Since the 2020 protests against the fraudulent presidential elections, the regime in Belarus has sought to monopolize control over all spheres of public life and the way the country’s history is presented. There are no longer any independent, non-commercial contemporary art galleries, no grassroots cultural venues, and the number of political prisoners is constantly growing.4 The situation has deteriorated considerably since the outbreak of full-scale war in Ukraine, and the level of repression continues to grow. Many cultural producers are in opposition to the regime, oppose the official ideology built on nostalgia for the Soviet Union, the memorialization of the Great Patriotic (World War II), and constant Russification of the country’s population.5 Without overt military action, Belarusian independent state, cultural institutions, as well as memory are being destroyed. As a result, many strands of contemporary art exist only through the initiatives of individuals and are not supported by the state. The entire Belarusian culture today is in opposition to the current regime. At the same time, working with archives in Belarus poses a threat to one’s own safety and that of one’s loved ones.

Even though the VEHA archive does not have the status of an ‘extremist organization’, people have become less active in sending photos. Our public activity is still possible because we have chosen the space of family photography, something that concerns everyone but has no obvious political context. By involving people in the process of creating a collective archive, we fight against the existing monopolization of civil and political discourse.

Aliaksandr Najdovič with a friend. About 1955. Provided by Stanislava Najdovič. From the VEHA archive, ‘The Ruins of Belarus’ collection

Political processes are inseparable from cultural ones. The VEHA archive is an example of a collective, grassroots archive. Through the collection of thematic, vernacular photographs, as well as through public work with these photographic archives that take on the form of exhibitions and book publications, the VEHA archive stimulates communication within the families and restores the demand for the transmission of knowledge about the past from its eyewitnesses. The space of everyday life has no clear boundaries, which makes it possible to talk about the invisible: the context behind the photograph. The photographs in VEHA’s archives are a database accessible to all those interested in the subject, from researchers to ordinary users. The visual history of Belarus is a part of European history that deserves attention and still needs new interpretations.

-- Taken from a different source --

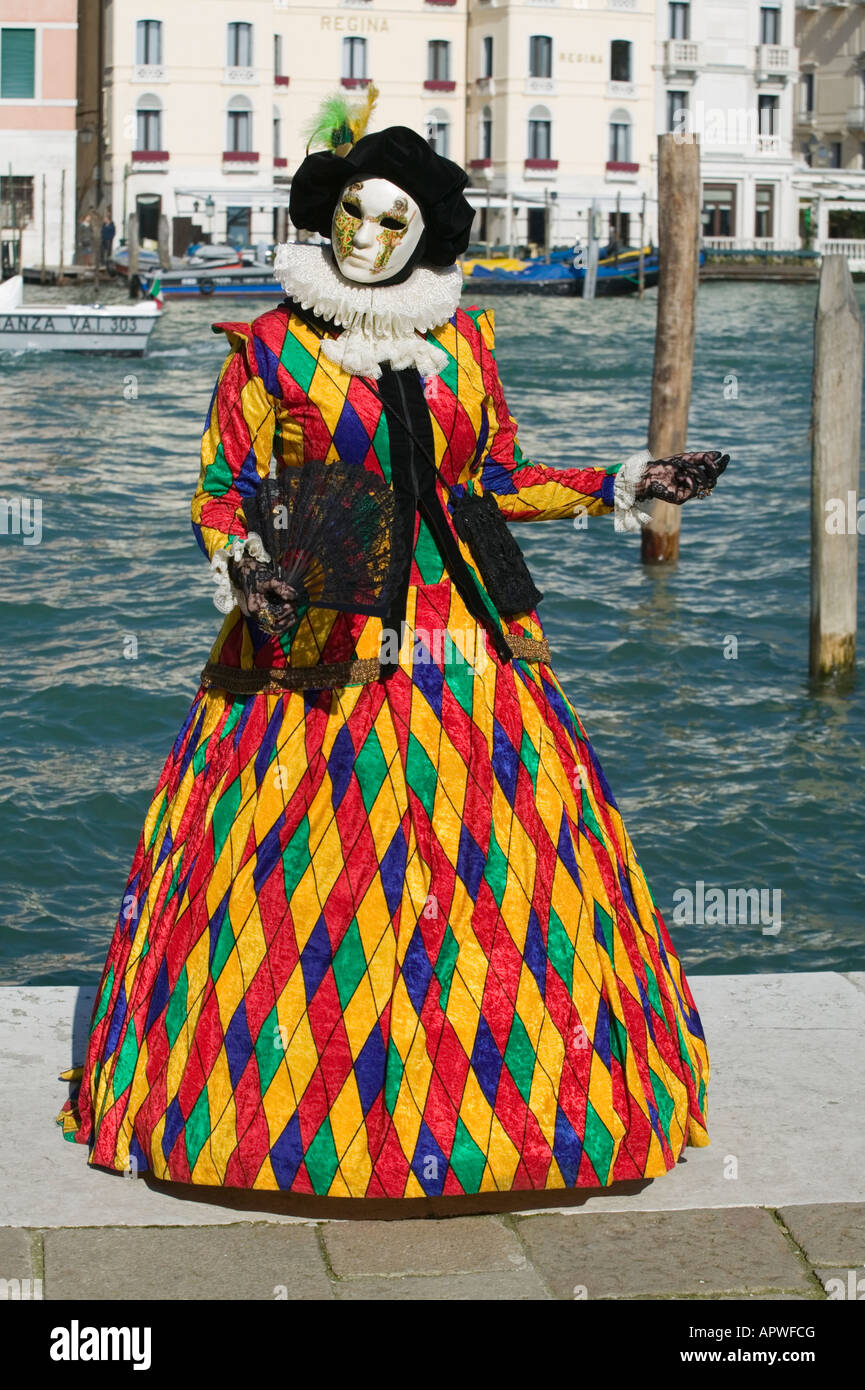 Carnevale di Venezia - La donna con il Costume di Arlecchino Foto Stock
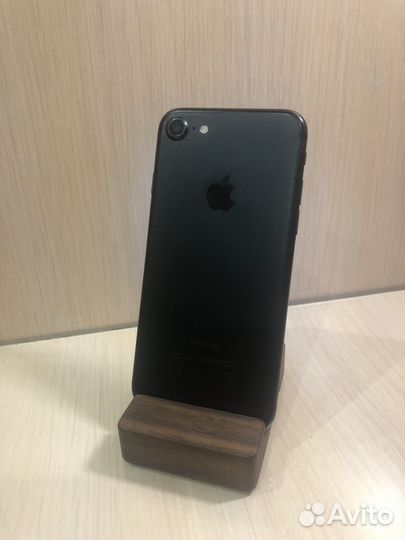 iPhone 7, 32 ГБ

Lesia Pcholka is a Belarusian artist. Founder and curator of the VEHA archive since 2017. Her work explores everyday life, memory, and social issues through art and participatory practice. More



1 By Belarusian archival photography, I mean photography created in the territory that is part of modern Belarus.

2 Human Constanta, Review of the fight against “extremism” in Belarus in July-September 2022, Human Constanta, 28.10.2022, [accessed: 15.03.2024].

3 The Coat of Arms of the Grand Duchy of Lithuania (Bel. Паго́ня (Pahonia), Lithuanian: Vytis)is the traditional national symbol of Lithuania and Belarus, and the coat of arms of many settlements in Podlasie.

4 Human Rights Center “Viasna” [accessed: 15.03.2024]. After 2020, almost the entire NGO sector was liquidated; at least 1,480 organizations were closed.

5 Russification in the cultural sphere of Belarus 2022-2023, PEN Belarus, 26.12.2023, [accessed: 15.03.2024].